[Image-text web data]
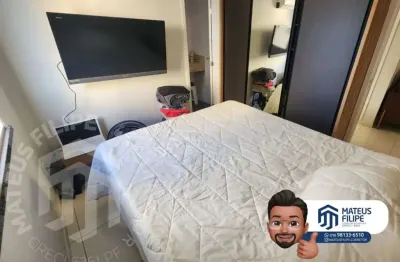 Apartamento à venda no horto da barra , espaço tropical , barra dos coqueiros, se
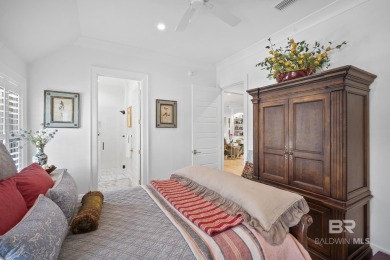 This gold fortified white painted concrete board home in the on Lakewood Golf Club in Alabama - for sale on GolfHomes.com, golf home, golf lot
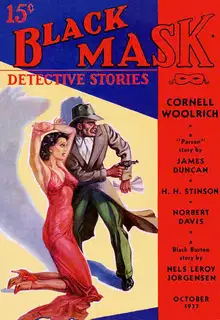 Black Mask (Vol. 20, No. 8 вЂ” October 1937)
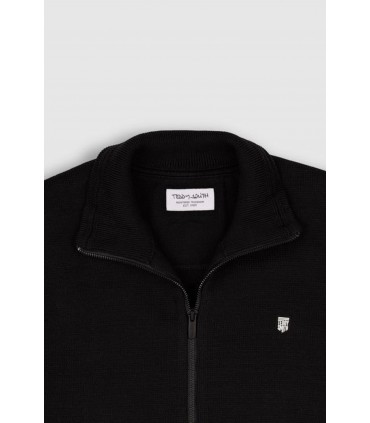 Gilet zippe teddy smith 171noir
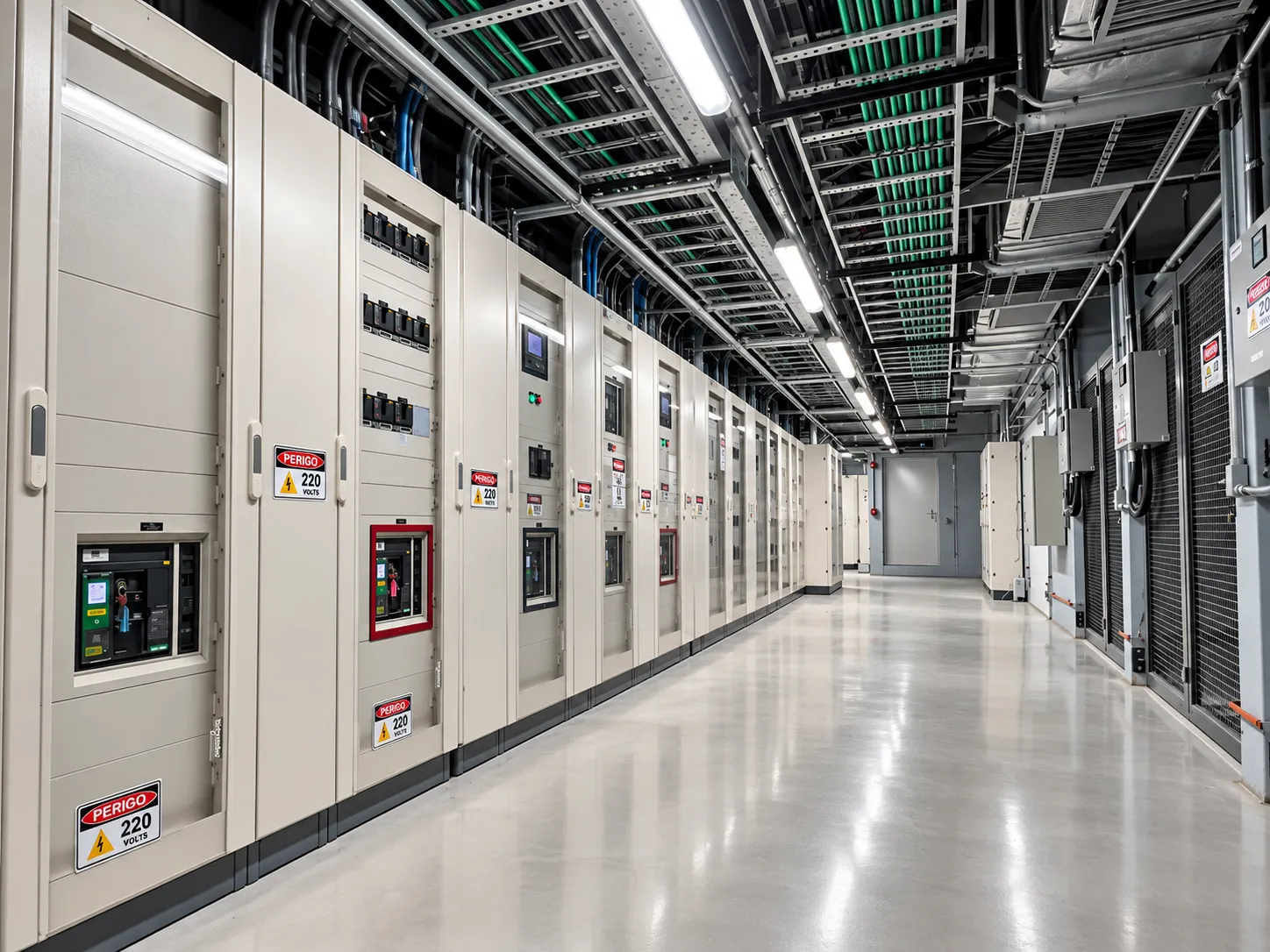 Data Center Tier III Itaipu - MSE Engenharia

## Directions
Only the lines from the one that holds "Black Mask (Vol." through the end of the records above should be printed again, exactly as they are. Leave out the pictures.

## Solution to this task
 Black Mask (Vol. 20, No. 8 вЂ” October 1937)
 Gilet zippe teddy smith 171noir
 Data Center Tier III Itaipu - MSE Engenharia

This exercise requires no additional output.